TASK BRIEF :: Every line below between the one holding "Single continuous line" and the one holding "3D Furniture: Wooden Bench", inclusive, should be copied exactly, and no other line.

[Stored data]
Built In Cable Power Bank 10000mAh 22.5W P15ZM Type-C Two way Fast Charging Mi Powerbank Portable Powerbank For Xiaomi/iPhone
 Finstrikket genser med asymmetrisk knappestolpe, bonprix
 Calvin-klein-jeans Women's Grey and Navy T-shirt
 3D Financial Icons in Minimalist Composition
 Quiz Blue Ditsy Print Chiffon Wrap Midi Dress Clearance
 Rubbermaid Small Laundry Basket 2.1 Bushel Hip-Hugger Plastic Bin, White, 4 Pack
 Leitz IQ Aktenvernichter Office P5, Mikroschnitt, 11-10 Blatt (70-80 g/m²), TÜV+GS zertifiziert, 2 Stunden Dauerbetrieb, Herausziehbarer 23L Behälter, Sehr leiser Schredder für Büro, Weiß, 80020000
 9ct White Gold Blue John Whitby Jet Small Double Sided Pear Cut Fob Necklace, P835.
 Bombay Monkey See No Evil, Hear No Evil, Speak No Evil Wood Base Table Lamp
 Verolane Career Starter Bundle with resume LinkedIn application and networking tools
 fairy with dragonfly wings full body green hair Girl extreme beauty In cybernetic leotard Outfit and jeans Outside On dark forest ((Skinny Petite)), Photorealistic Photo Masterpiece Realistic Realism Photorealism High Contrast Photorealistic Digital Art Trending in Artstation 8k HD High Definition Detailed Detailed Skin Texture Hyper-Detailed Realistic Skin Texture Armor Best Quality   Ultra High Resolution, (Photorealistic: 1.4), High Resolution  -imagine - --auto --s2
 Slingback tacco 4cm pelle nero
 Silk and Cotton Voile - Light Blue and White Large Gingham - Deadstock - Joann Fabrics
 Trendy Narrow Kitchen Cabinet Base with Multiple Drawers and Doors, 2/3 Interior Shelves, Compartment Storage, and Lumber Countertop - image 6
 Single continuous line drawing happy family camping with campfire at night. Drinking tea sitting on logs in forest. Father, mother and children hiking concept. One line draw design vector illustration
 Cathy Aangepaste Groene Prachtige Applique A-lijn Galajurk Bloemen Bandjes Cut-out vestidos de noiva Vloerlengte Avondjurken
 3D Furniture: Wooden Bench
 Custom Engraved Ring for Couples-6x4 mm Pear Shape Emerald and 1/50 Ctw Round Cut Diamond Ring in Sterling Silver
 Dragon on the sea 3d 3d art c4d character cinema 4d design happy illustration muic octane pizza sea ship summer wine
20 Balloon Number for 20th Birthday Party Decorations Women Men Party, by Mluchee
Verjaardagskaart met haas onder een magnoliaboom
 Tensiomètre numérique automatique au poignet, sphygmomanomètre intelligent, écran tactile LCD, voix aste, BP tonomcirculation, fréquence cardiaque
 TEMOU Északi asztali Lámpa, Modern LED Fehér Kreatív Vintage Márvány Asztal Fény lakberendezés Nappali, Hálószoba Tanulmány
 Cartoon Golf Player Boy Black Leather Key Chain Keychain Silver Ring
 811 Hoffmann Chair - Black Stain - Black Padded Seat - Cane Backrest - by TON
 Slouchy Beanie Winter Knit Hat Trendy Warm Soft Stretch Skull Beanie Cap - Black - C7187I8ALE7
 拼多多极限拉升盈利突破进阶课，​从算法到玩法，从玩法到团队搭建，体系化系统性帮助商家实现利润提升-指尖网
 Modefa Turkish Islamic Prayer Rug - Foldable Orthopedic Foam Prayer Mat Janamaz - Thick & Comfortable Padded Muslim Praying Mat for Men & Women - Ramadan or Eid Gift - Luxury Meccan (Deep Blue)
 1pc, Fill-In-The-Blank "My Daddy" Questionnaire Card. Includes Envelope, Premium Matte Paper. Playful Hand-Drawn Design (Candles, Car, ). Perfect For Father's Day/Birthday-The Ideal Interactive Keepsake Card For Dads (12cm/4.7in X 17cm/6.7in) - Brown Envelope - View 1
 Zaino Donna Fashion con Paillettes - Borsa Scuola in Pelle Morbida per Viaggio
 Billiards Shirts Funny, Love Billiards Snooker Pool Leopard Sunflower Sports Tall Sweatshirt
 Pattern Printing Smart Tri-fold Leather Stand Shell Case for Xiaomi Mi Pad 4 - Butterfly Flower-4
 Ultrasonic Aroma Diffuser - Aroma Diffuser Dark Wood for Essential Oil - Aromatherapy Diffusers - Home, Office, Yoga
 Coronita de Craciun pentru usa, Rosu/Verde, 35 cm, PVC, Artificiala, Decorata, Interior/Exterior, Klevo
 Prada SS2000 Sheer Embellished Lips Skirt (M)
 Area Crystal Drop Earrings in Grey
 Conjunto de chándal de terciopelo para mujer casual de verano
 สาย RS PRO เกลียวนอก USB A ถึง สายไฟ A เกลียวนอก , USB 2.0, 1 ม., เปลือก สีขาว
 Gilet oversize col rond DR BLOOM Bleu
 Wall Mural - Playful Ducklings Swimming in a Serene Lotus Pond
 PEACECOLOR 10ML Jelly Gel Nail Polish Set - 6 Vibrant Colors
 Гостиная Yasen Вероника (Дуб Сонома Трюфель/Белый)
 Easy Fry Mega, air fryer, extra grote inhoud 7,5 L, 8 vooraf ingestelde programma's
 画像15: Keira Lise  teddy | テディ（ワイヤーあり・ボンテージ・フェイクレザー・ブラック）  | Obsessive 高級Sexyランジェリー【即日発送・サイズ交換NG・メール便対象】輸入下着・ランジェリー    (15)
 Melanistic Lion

FINISHED EXERCISE ::
 Single continuous line drawing happy family camping with campfire at night. Drinking tea sitting on logs in forest. Father, mother and children hiking concept. One line draw design vector illustration
 Cathy Aangepaste Groene Prachtige Applique A-lijn Galajurk Bloemen Bandjes Cut-out vestidos de noiva Vloerlengte Avondjurken
 3D Furniture: Wooden Bench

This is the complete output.